» Problem requirements:
Copy verbatim the span of lines beginning at the line that contains "Elegante cesta de" and ending with the final line of the data. Exclude pictures from the copy.

*** Data in this exercise ***

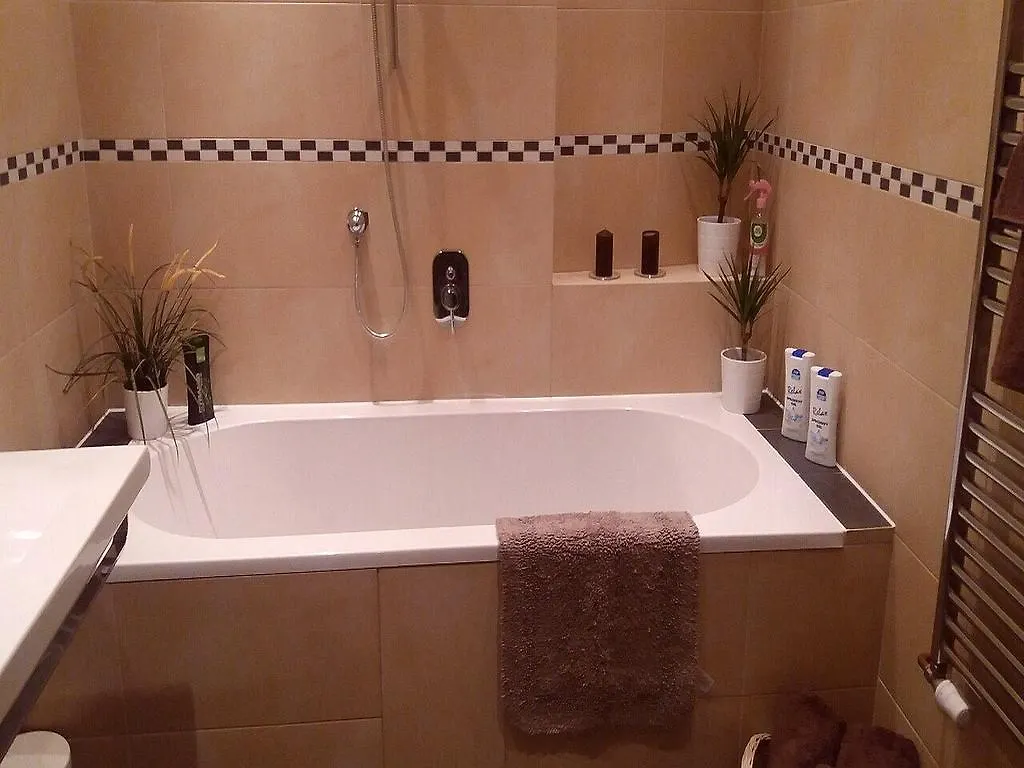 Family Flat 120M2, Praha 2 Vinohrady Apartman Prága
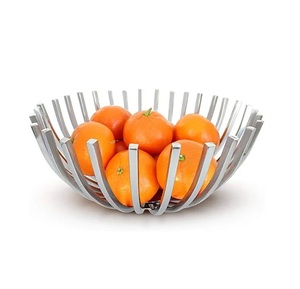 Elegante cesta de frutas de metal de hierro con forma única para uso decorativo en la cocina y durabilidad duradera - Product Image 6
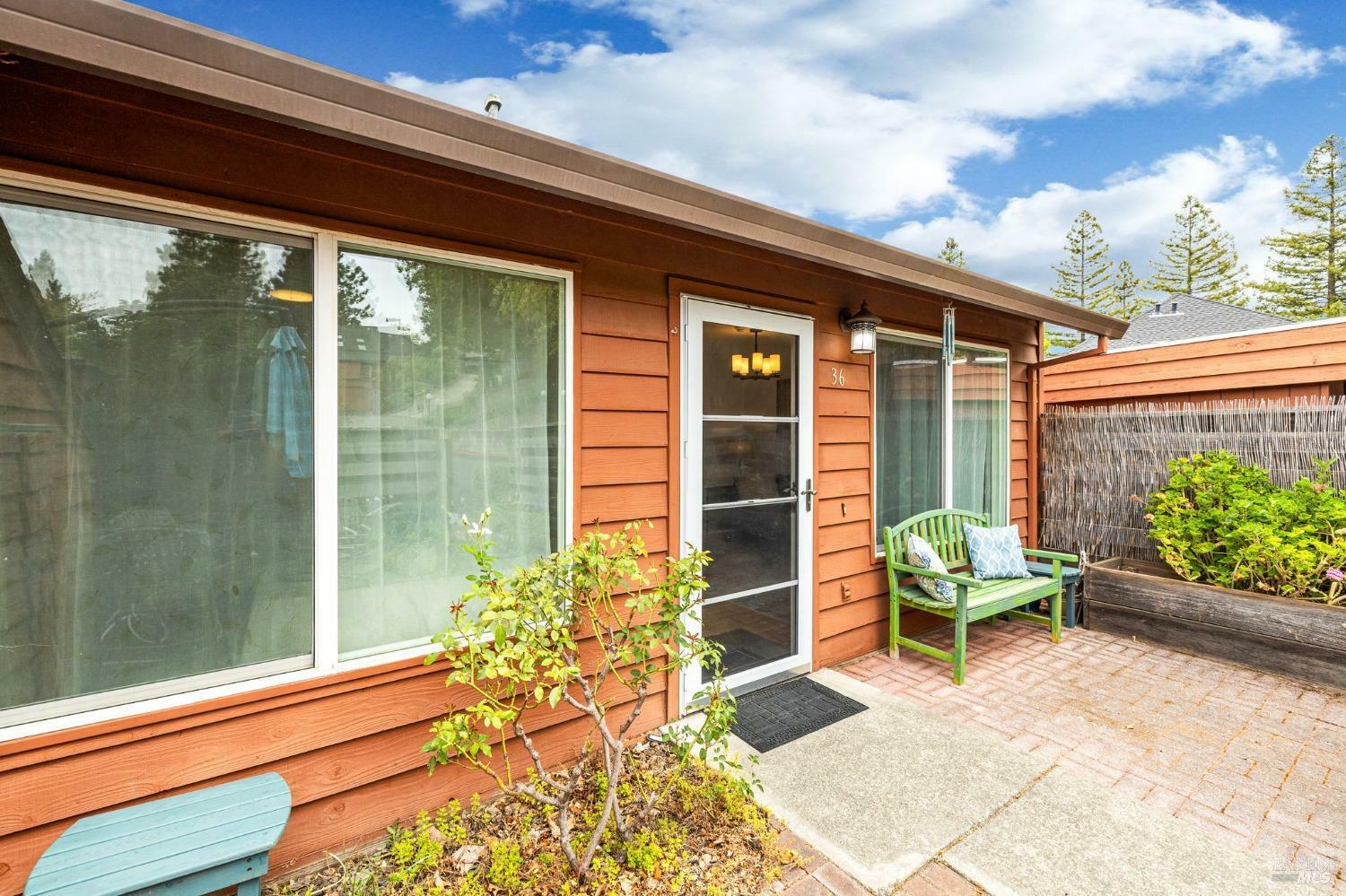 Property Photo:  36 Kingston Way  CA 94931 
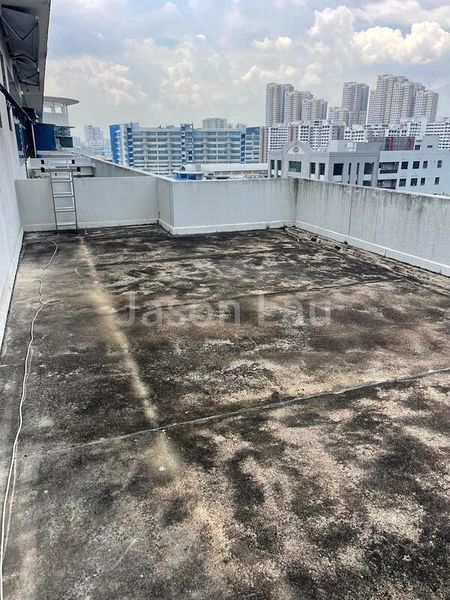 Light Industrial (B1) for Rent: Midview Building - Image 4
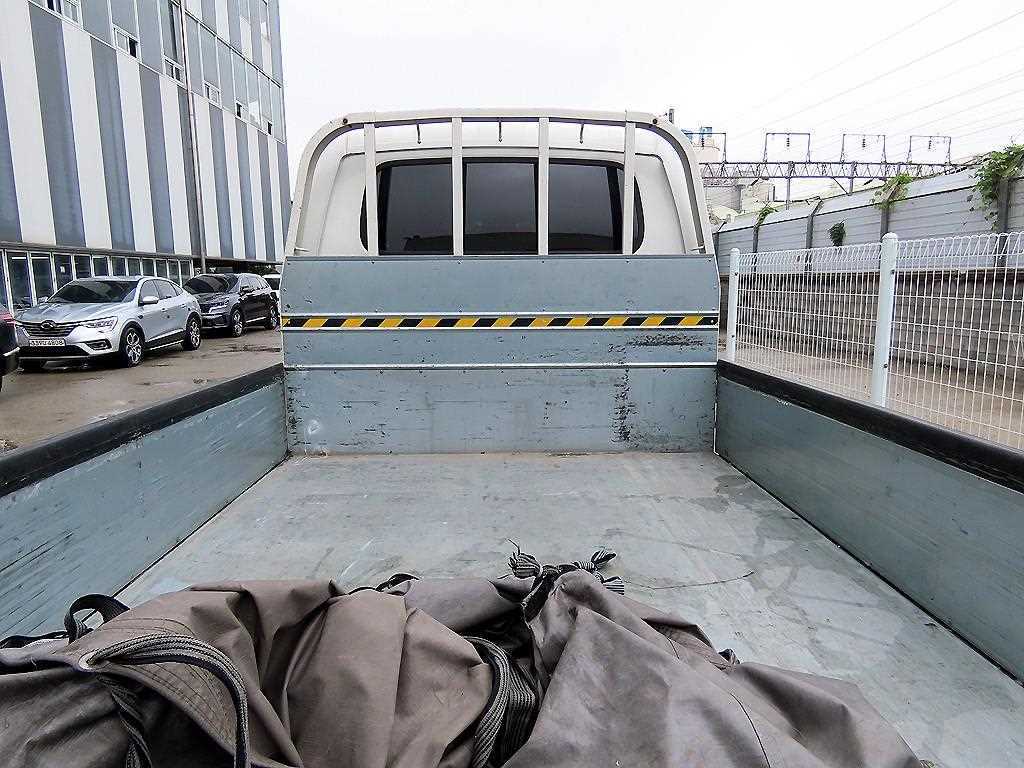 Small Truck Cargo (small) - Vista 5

*** End of Data in this exercise ***

» Task response:
 Elegante cesta de frutas de metal de hierro con forma única para uso decorativo en la cocina y durabilidad duradera - Product Image 6
 Property Photo:  36 Kingston Way  CA 94931 
 Light Industrial (B1) for Rent: Midview Building - Image 4
 Small Truck Cargo (small) - Vista 5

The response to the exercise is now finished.